◆ **Work item**: If pictures appear among the lines below, leave them out while you return exactly the lines from the one with "Академик Конторович проанализировал" through the one with "Fit Visor Impacts Women".

━━━━━━━━━━━━━━━━━━━━

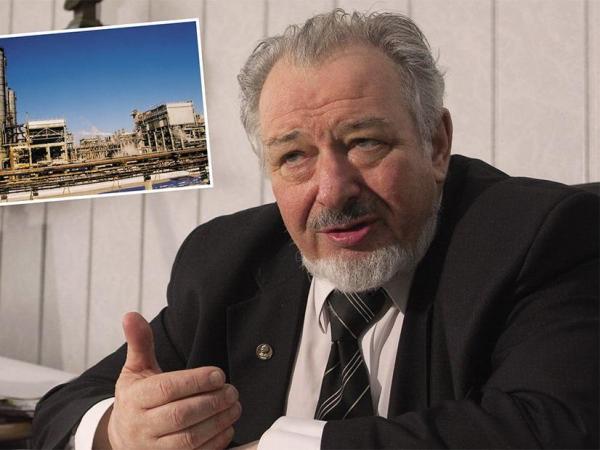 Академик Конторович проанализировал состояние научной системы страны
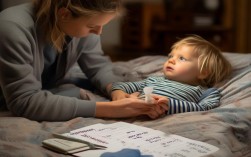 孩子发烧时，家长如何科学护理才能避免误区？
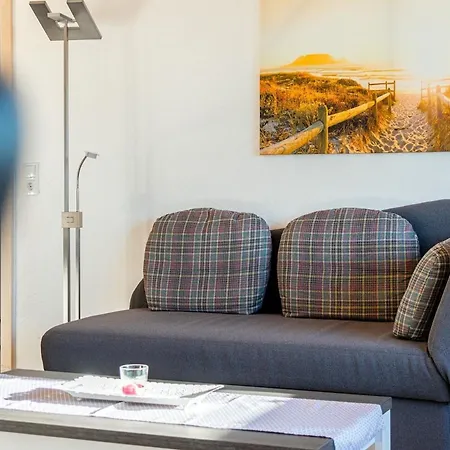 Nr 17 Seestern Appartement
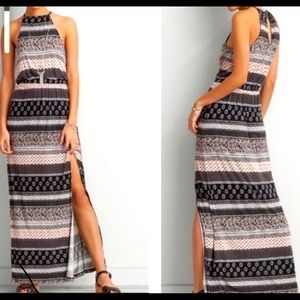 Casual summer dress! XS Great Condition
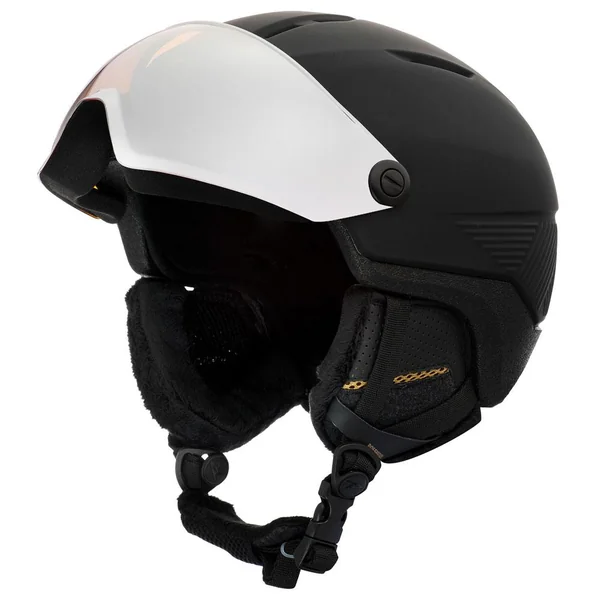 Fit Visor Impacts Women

━━━━━━━━━━━━━━━━━━━━

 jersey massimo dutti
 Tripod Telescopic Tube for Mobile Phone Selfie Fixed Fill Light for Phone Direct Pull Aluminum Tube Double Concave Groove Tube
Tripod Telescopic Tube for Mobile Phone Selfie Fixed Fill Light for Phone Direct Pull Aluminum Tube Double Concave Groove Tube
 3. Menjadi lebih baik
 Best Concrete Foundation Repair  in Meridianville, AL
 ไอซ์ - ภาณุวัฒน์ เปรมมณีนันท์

━━━━━━━━━━━━━━━━━━━━

◆ **Output of the exercise**:
 Академик Конторович проанализировал состояние научной системы страны
 孩子发烧时，家长如何科学护理才能避免误区？
 Nr 17 Seestern Appartement
 Casual summer dress! XS Great Condition
 Fit Visor Impacts Women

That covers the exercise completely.